La plus grande difficulté pour savoir si c’est le bon moment d’acheter c’est que l’on n’est jamais sûr d’acheter au plus bas. Au travers de différentes lectures glanées chez un certain nombre de grands gérants, je pense qu’il faut regarder l’investissement dans un titre financier de manière relativement simple. 
De ce point de vue, ce récent éclairage offert par les gérants de la société Tweedy Browne m’a marqué. Dans la dernière lettre à leurs clients, William Browne, Thomas Shrager, John Spears et Robert Wyckoff évoquent les grands sujets du moment : crise de la dette, crainte de ralentissement économique… Expliquant leur approche de l’investissement, ils observent :
« Nous ne sommes pas des optimistes béats, mais nous ne voyons pas non plus le monde dans un déclin éternel.
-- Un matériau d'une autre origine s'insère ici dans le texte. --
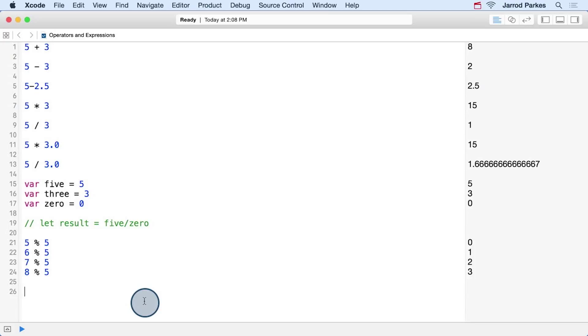Now let's have a little more fun by combining operators and assignment. Let's create a variable called totalPayroll and set it equal to zero. Let's also create some other variables to hold the salaries of three hypothetical players on an athletics team.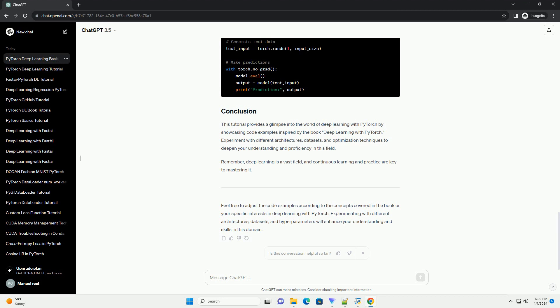Finally, let's evaluate the trained model by making predictions on new data. This tutorial provides a glimpse into the world of deep learning with PyTorch by showcasing code examples inspired by the book Deep Learning with PyTorch.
De surcroît, nous investissons dans des entreprises ; celles-ci sont des organisations réactives, qui mobilisent d’importantes ressources humaines et financières qui leur permettent de s’adapter constamment aux évolutions des marchés. Tout ceci nous amène à nous concentrer sur l’évolution des entreprises que nous détenons tout en regardant en permanence s’il n’y a pas de meilleures opportunités d’investissement. »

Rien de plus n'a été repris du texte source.